Exercise aim —
Only the lines from the one holding "Heishi Beaded Friendship Bracelet" to the end of the data should be echoed, exactly as they appear, minus the pictures.

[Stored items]
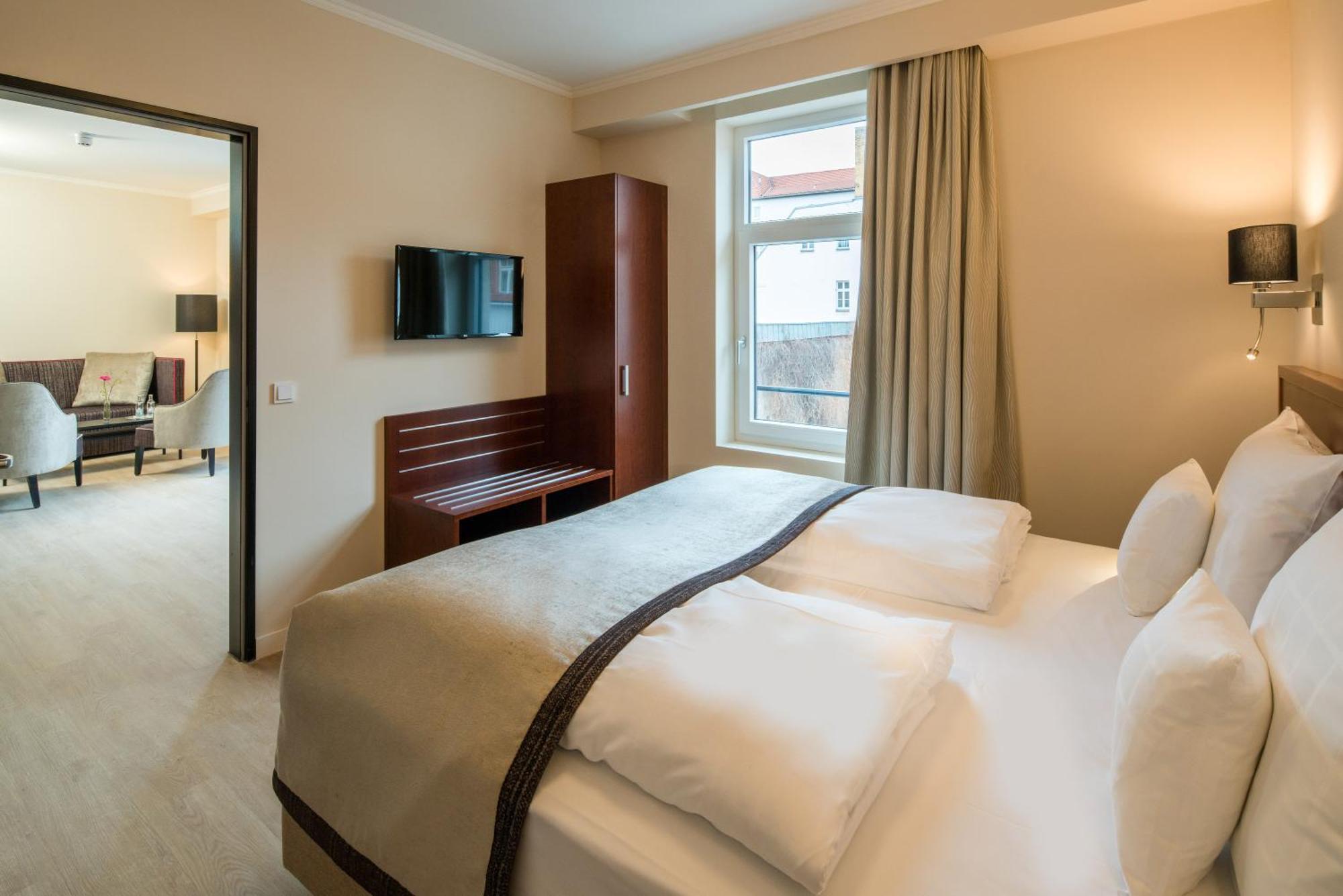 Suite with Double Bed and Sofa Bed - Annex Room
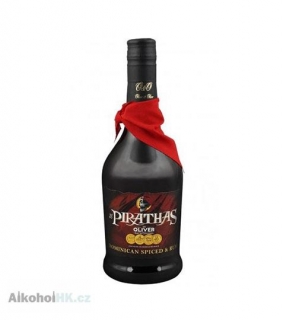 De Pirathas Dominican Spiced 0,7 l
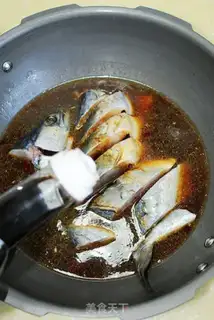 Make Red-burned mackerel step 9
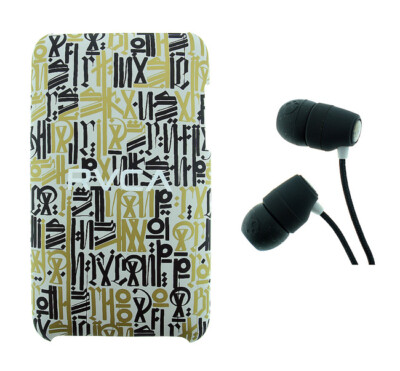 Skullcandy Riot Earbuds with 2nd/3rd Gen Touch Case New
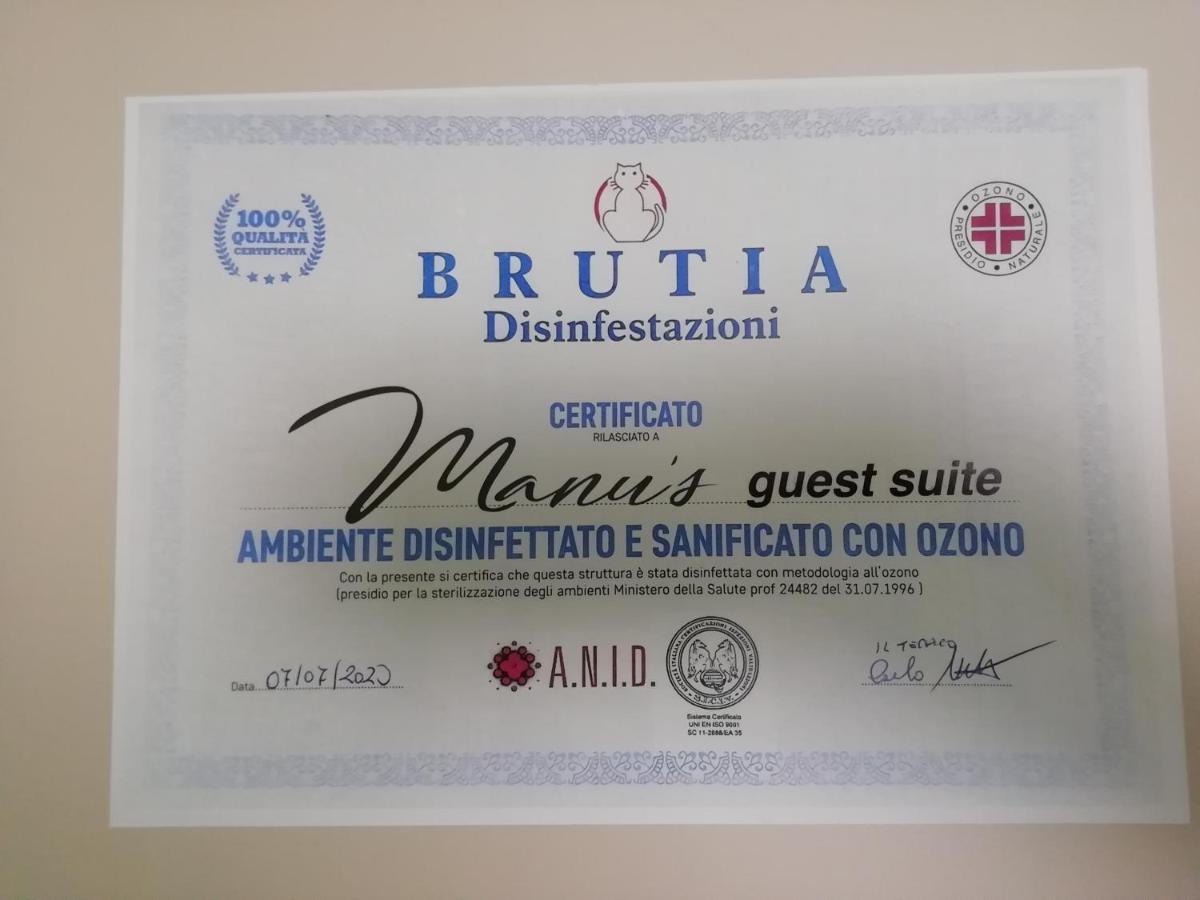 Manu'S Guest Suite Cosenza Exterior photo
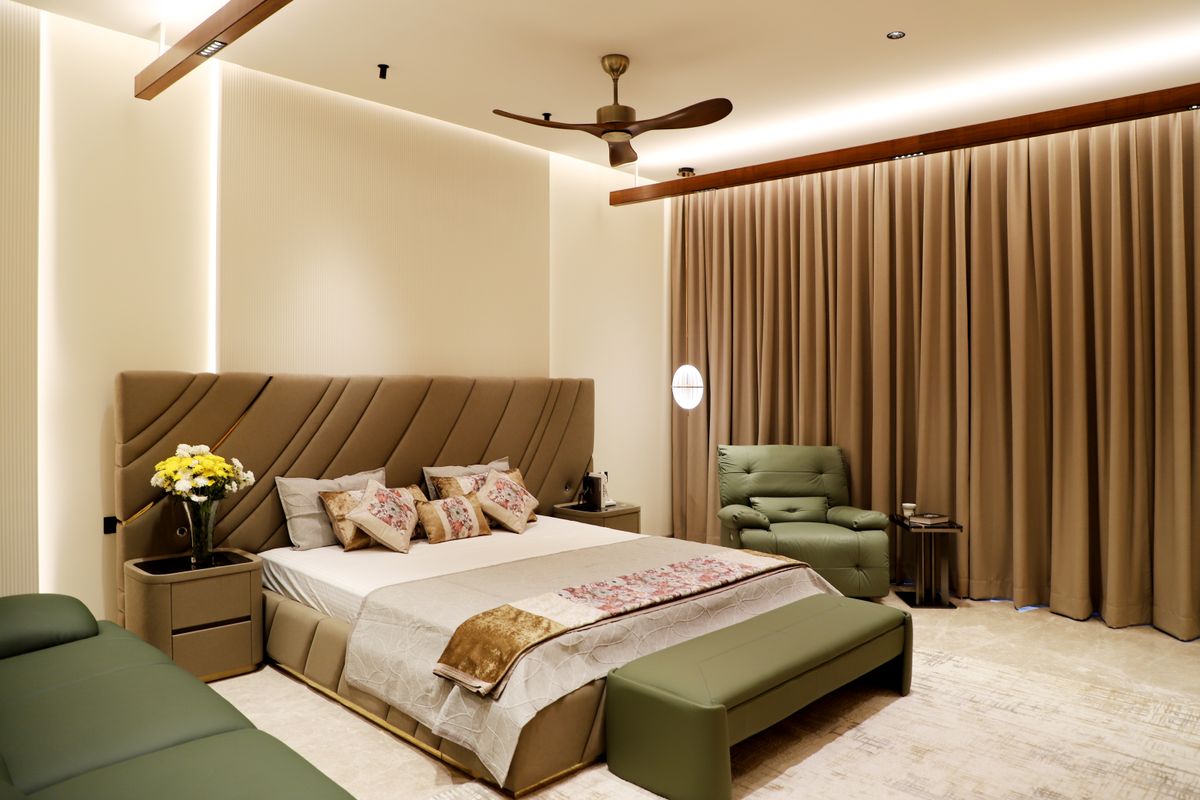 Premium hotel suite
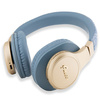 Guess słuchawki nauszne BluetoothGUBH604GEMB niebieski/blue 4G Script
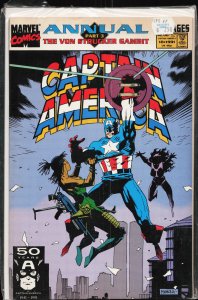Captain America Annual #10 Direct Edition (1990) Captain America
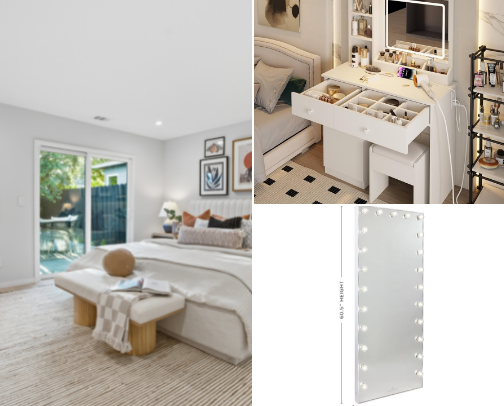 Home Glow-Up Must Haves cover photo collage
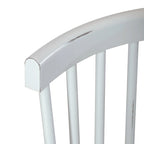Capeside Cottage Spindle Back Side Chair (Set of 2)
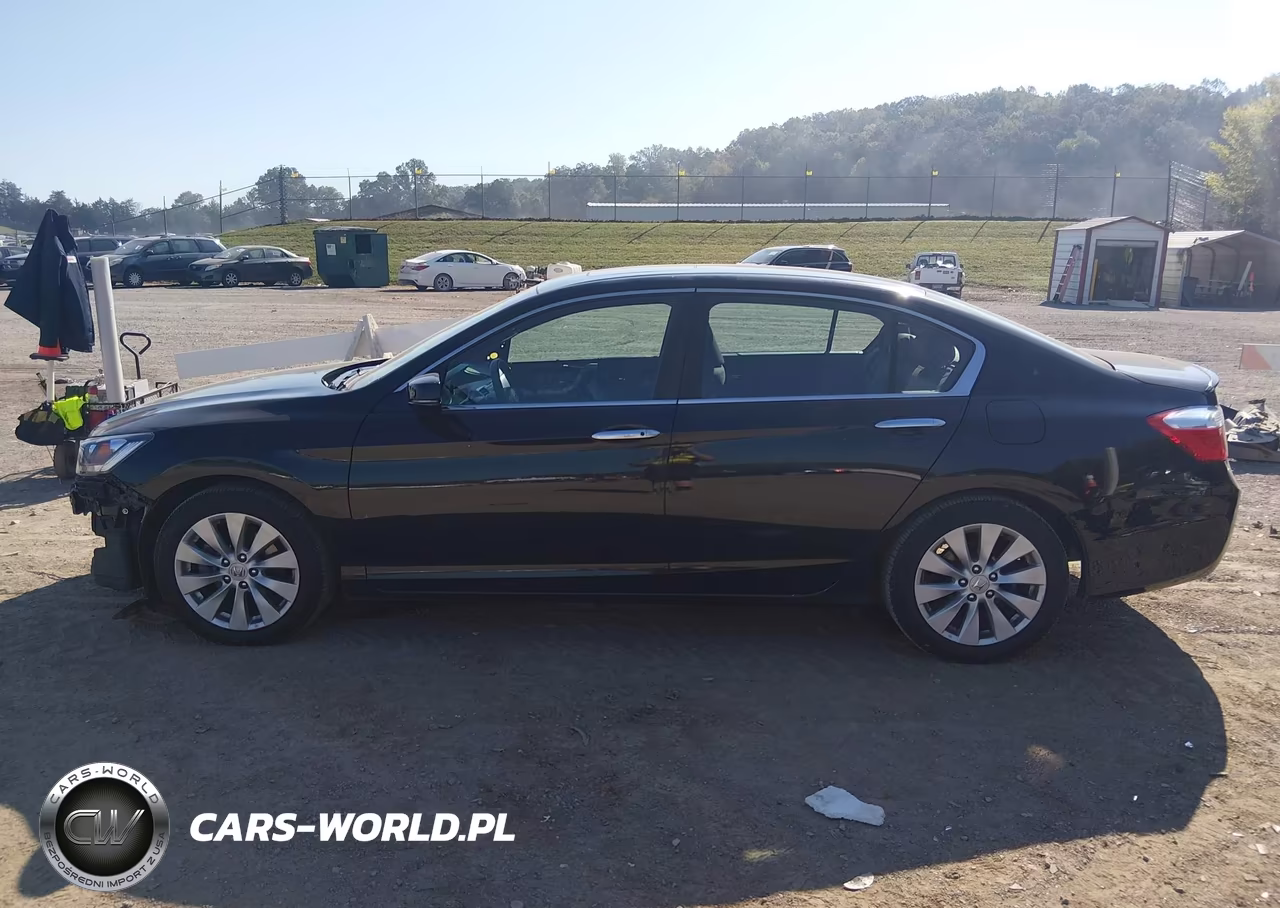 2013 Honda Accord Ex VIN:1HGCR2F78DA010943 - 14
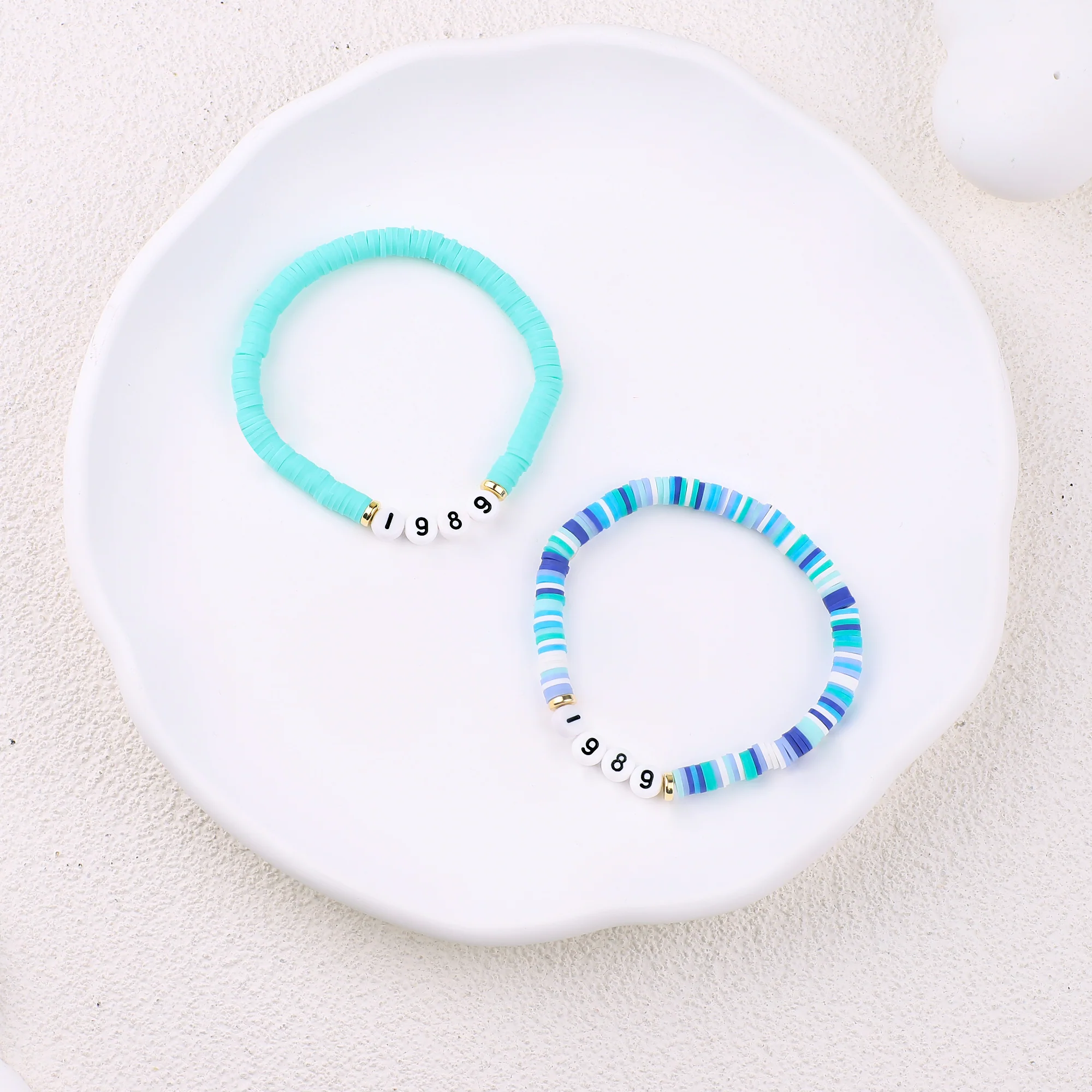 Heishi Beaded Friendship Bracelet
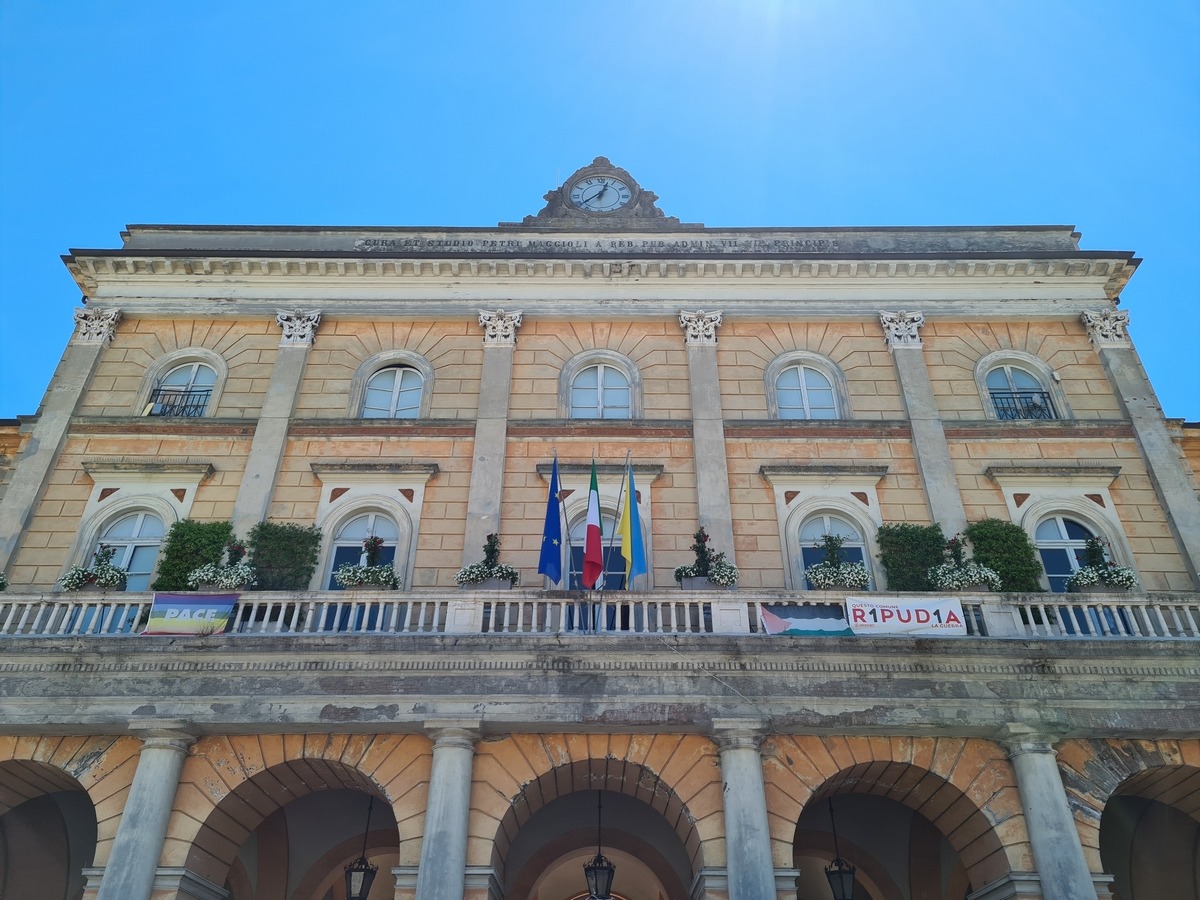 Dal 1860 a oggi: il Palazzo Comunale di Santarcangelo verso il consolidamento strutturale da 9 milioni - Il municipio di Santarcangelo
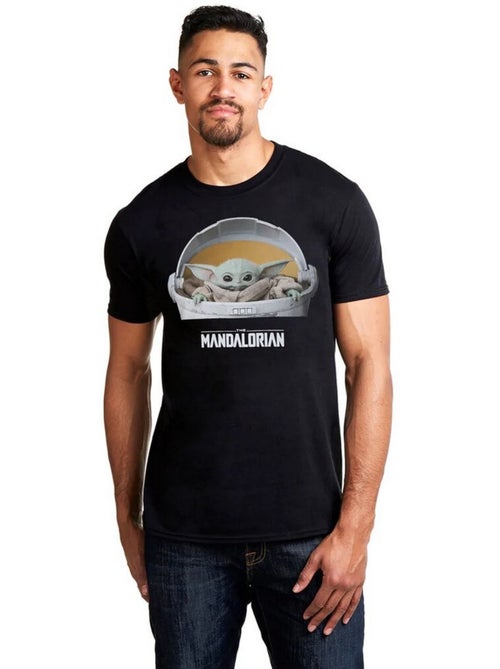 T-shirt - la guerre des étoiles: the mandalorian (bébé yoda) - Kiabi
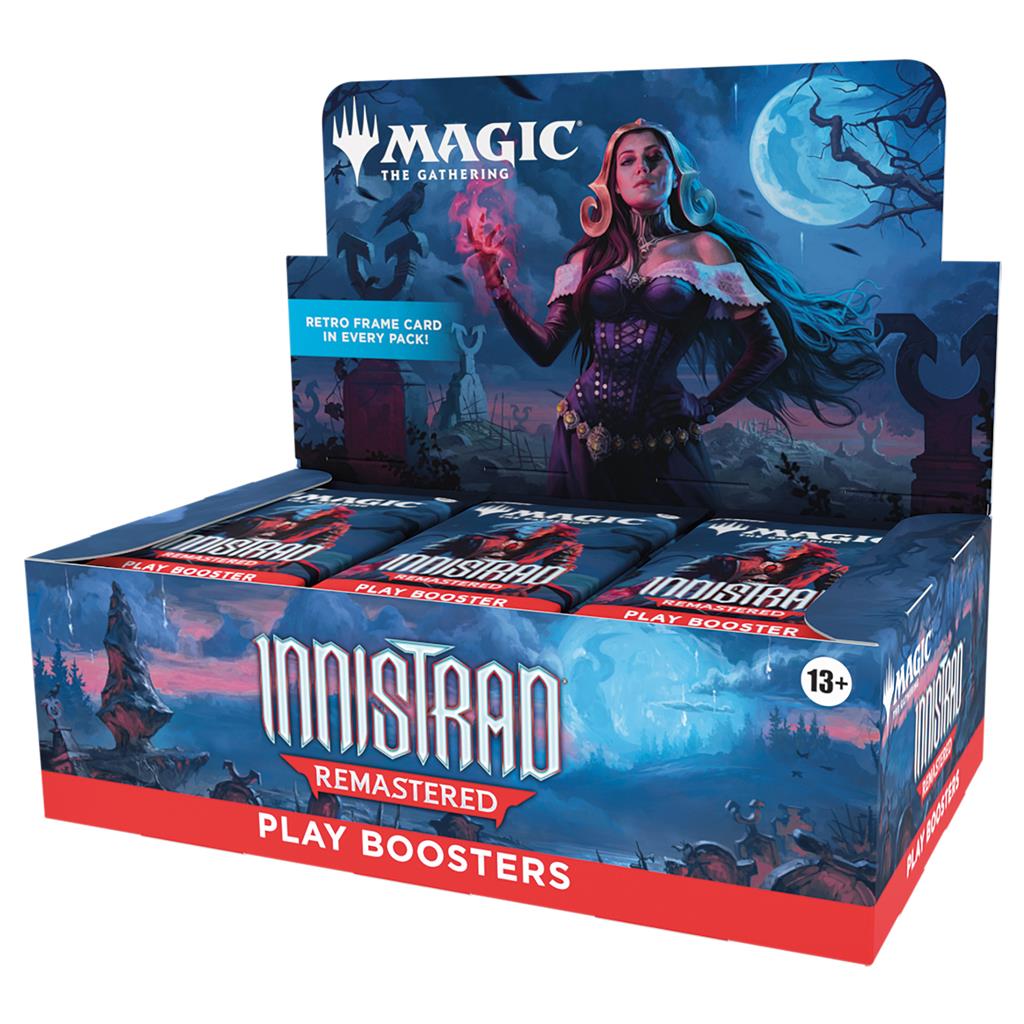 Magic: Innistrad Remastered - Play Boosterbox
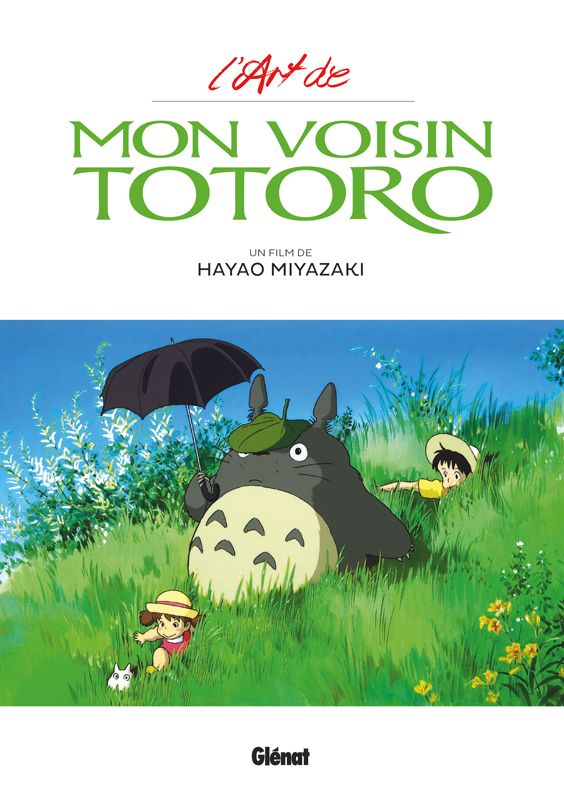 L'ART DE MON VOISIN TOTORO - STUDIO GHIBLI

Exercise answer —
 Heishi Beaded Friendship Bracelet
 Dal 1860 a oggi: il Palazzo Comunale di Santarcangelo verso il consolidamento strutturale da 9 milioni - Il municipio di Santarcangelo
 T-shirt - la guerre des étoiles: the mandalorian (bébé yoda) - Kiabi
 Magic: Innistrad Remastered - Play Boosterbox
 L'ART DE MON VOISIN TOTORO - STUDIO GHIBLI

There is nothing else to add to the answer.